In elk coelomaat dat zich seksueel voortplant, heeft het proces van embryogenese vier stadia: bemesting, klieving, gastrulatie en organogenese. Het bevruchtingsproces omvat de fusie van een haploïde vrouwelijke en mannelijke gameet, die de diploïde zygote vormt. De zygote is de nieuwe cel, die de bevruchte eicel wordt genoemd.
Na de bevruchtingsgebeurtenis omvat het splitsingsproces de snelle verdeling van de zygote in vele cellen. Het neemt echter niet toe in totale omvang en wordt een structuur die bekend staat als de blastula.

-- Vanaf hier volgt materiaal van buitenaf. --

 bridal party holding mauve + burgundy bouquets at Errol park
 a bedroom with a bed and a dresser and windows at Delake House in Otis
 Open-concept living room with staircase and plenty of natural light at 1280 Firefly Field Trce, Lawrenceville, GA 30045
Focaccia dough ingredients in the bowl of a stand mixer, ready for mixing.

In zoogdierorganismen wordt dit de blastocyst genoemd.
De voortgaande ontwikkeling van deze blastula resulteert in een structuur die de gastrula wordt genoemd, door het proces van gastrulatie. De gastrula heeft drie kiemlagen, die op verschillende manieren een interactie aangaan om organen te vormen, die de laatste fase van de embryogenese representeren - organogenese.

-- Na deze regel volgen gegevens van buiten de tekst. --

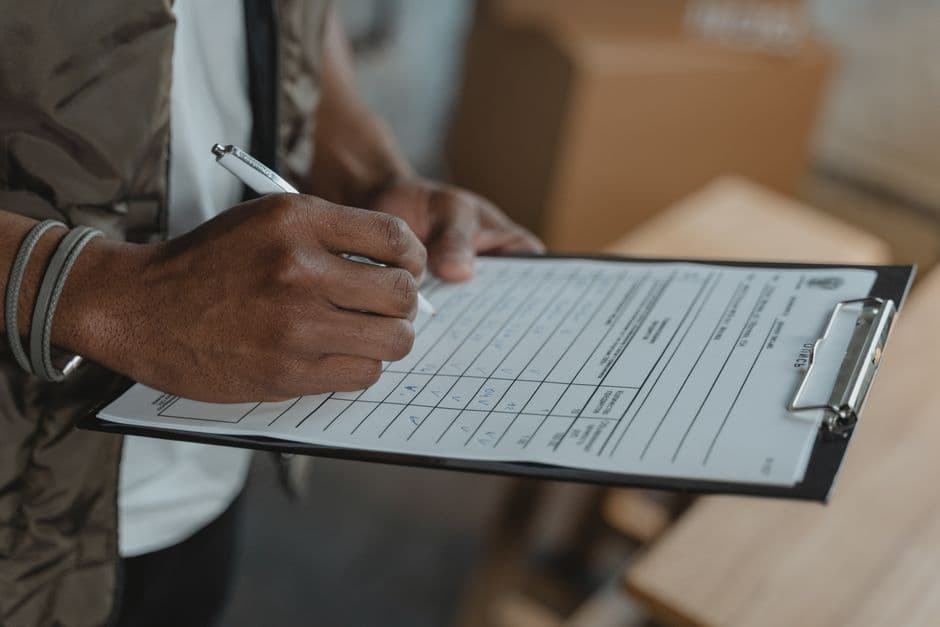 An organiser holding a run sheet on a clipboard backstage before an event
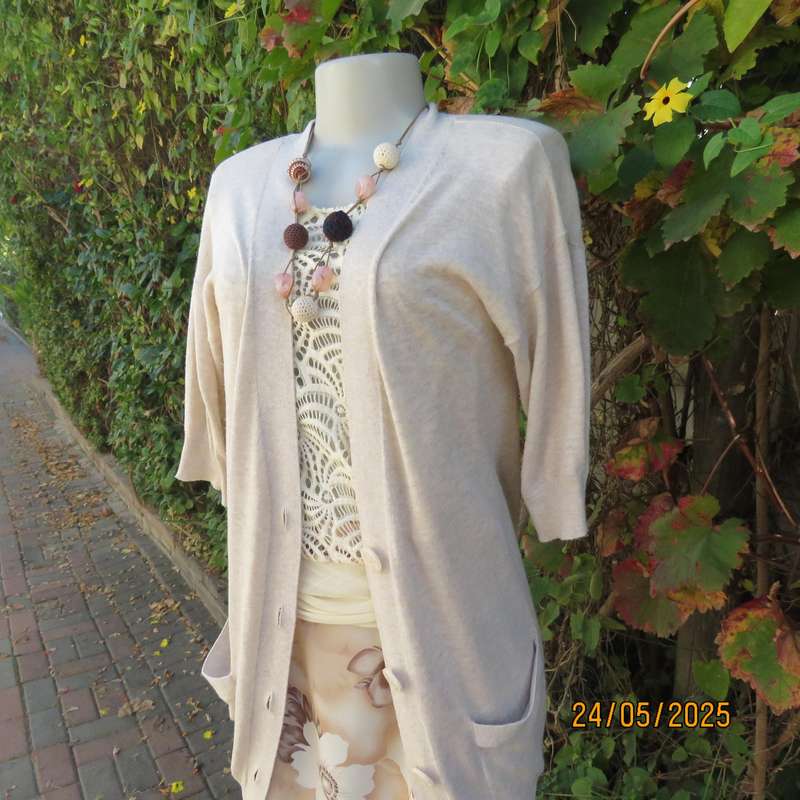 CHEROKEE cream acrylic-cotton knit short sleeve cardigan with button down front. Size 36.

Omdat de blastula en de gastrula verschillende structuren zijn, aanwezig in verschillende stadia van het embryogenese-proces, zijn er verschillende verschillen tussen de twee structuren.
De blastula is de eerste belangrijke fase na bevruchting en speelt een zeer belangrijke rol bij de ontwikkeling van organismen. Het is een bolvormige en holle structuur, die één cel dik is en wordt gevormd door een proces dat bekend staat als blastulatie. Zowel meroblatische en holoblastische splitsingen kunnen aanleiding zijn voor de blastula. De holte in de blastula staat bekend als de blastocoel, met zijn buitenste eencellige laag genaamd blastoderm.
Een voortgezette blastula-ontwikkeling resulteert uiteindelijk in de gastrula. Het proces van omzetting van een blastula in een gastrula staat bekend als 'gastrulatie', die vervolgens wordt voortgezet door organogenese.
De gastrula bestaat uit drie kiemlagen, die uiteindelijk leiden tot organen in het late embryo. De drie kiemlagen zijn het ectoderm, het mesoderm en het endoderm. De buitenste laag is het ectoderm, dat later differentieert naar de hersenen, het ruggenmerg, de huid en de zenuwen van het embryo. De middelste laag, het mesoderm, vormt bindweefsels, spieren, kraakbeen, voortplantingsorganen, botten, de huidhuid en dentine van de tanden. De binnenste laag, het endoderm, differentieert in de basische primitieve darm.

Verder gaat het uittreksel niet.